UK – The roughly £1.15bn (€1.7bn) North Yorkshire Pension Fund has axed JP Morgan as global custodian, a scheme official confirmed today.
JP Morgan had serviced the scheme since December 2001, technical accountant Neil Sellstrom told IPE.
He added that this was a competitive tendering process, which took place over a six-month period. Consultants Thomas Murray acted as advisers to the scheme, which has 27,987 members.
Sellstrom could not comment on the value of the contract nor on which firm had replaced JP Morgan. “We are not in a position to make a public statement” ahead of a press release due out later this month, he told IPE.
This is the fourth UK pension fund loss for JP Morgan to emerge in less than a month. It’s also lost out at Royal London Asset Management, the Railway Pension Trustee Co. and the Merchant Navy Officers Pension Fund.
JP Morgan says it has won £30bn of UK pensions business in the last year, and it has 43% of the top 100 pension funds. There’s been “very strong growth in our franchise” a spokesperson has said.
JP Morgan today did not respond to IPE requests for comment.

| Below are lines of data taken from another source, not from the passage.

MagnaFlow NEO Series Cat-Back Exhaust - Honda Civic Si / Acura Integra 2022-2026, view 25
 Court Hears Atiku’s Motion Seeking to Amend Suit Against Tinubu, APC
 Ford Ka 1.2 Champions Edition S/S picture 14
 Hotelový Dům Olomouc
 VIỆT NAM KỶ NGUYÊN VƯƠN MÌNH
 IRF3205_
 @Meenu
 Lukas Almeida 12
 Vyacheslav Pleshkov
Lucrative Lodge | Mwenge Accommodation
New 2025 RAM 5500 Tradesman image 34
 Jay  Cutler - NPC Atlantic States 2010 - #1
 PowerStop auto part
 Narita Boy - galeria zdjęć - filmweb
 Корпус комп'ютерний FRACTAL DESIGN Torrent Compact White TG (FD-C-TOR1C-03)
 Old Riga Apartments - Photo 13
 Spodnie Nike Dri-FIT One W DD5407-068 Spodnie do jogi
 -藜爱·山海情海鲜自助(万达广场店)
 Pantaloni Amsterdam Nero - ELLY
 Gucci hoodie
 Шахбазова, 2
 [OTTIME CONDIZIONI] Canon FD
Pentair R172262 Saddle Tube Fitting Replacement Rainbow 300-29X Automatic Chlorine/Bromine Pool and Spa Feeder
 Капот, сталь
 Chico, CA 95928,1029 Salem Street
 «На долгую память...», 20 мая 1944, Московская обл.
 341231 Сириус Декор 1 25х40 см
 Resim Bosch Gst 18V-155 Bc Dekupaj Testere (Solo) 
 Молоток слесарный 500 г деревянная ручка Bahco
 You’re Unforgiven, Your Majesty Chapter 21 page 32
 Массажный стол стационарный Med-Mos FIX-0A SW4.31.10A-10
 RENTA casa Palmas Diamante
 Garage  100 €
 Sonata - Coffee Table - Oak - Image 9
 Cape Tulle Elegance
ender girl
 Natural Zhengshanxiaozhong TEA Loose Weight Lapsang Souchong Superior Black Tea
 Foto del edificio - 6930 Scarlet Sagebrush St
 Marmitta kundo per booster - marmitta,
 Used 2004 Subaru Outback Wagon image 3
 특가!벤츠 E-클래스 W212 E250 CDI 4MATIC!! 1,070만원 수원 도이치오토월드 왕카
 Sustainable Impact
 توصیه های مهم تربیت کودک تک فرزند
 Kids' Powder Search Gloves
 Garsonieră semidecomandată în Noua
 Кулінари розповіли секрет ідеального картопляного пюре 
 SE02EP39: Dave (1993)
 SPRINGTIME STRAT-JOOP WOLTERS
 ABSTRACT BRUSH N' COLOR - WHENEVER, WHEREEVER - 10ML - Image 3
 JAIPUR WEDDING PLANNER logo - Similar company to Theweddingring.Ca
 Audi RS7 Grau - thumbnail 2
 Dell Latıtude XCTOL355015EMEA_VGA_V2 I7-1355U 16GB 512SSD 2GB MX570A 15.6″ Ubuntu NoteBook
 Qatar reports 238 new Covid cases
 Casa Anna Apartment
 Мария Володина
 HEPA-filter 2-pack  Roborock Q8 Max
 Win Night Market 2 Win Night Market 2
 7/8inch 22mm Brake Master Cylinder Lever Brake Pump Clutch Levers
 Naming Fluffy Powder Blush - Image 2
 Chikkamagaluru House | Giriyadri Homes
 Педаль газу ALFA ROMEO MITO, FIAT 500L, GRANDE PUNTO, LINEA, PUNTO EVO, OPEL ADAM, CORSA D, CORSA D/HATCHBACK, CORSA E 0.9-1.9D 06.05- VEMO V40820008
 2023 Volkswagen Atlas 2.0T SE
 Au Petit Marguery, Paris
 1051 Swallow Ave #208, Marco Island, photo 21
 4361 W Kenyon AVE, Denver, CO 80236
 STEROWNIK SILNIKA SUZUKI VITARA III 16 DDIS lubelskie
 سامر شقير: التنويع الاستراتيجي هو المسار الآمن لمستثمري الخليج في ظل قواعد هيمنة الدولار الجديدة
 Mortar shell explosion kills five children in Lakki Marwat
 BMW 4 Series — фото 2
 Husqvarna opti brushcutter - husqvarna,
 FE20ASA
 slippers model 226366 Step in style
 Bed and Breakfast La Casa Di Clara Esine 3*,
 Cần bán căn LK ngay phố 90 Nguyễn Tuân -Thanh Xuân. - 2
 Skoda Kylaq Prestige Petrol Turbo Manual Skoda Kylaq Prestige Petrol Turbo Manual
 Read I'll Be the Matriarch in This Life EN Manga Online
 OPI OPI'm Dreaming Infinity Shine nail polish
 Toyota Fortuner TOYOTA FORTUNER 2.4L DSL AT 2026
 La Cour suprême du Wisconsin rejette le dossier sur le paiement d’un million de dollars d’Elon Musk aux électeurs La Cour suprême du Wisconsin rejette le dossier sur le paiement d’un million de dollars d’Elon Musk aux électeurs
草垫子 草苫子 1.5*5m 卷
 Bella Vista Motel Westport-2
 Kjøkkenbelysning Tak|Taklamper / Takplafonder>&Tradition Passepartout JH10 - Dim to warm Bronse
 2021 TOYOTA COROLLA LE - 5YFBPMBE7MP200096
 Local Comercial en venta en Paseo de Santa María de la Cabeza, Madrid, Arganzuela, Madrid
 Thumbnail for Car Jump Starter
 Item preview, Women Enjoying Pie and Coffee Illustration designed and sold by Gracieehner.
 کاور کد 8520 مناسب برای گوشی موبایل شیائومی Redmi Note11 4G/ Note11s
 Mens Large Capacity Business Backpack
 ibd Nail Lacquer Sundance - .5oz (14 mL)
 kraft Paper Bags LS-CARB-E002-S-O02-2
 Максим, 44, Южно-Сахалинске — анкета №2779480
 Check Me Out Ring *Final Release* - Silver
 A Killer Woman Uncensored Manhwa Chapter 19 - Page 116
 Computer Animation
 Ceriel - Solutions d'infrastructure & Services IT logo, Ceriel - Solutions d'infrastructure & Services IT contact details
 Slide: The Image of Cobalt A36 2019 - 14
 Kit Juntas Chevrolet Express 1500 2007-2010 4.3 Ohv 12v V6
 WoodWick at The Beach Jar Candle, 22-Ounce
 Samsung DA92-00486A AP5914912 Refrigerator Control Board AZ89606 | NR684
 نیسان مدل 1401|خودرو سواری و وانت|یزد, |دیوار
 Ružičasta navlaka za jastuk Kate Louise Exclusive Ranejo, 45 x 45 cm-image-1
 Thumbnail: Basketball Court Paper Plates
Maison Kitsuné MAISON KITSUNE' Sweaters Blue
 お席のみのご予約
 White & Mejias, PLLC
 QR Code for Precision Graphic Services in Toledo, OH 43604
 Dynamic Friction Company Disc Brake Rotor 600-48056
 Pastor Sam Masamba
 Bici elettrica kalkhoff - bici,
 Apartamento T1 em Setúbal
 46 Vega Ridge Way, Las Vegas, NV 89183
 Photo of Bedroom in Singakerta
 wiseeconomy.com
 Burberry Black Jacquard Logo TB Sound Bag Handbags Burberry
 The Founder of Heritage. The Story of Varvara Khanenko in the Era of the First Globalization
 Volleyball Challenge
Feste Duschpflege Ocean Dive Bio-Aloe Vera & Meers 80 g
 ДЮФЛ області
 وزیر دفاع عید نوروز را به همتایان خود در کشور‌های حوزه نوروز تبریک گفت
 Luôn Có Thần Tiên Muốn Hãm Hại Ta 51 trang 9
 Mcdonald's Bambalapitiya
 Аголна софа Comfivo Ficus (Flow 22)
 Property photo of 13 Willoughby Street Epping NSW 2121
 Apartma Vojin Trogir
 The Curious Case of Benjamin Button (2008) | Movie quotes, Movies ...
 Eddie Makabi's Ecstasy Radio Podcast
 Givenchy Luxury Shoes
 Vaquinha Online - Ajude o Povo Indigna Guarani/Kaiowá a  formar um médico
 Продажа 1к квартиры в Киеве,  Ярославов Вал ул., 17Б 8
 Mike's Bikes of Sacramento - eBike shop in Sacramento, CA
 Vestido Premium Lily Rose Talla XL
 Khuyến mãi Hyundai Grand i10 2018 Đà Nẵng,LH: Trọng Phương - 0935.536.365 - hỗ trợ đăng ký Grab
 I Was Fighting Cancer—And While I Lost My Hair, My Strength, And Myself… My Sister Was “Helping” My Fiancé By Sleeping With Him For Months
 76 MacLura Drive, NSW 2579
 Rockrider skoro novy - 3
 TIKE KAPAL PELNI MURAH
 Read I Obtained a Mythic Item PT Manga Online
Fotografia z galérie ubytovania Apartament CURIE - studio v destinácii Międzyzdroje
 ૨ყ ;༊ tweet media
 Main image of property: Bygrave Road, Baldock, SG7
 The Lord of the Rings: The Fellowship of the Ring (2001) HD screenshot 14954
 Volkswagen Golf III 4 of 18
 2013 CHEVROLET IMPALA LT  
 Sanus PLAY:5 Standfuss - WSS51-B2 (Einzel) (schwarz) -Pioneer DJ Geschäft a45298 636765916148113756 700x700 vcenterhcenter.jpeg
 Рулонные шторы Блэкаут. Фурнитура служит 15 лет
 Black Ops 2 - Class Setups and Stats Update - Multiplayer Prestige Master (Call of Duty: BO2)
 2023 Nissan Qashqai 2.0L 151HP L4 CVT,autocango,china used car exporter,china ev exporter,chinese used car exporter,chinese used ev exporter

In September, the North Yorkshire scheme with the assistance of JP Morgan as transition manager completed a restructuring of its portfolio - which saw a shift from balanced to specialist managers.
Baillie Gifford was awarded 25% of the scheme, Barclays Global Investors and Standard Life were in charge of 23% each, Hermes Pensions Management was given 4%, and the remaining managers were a selection of small boutiques.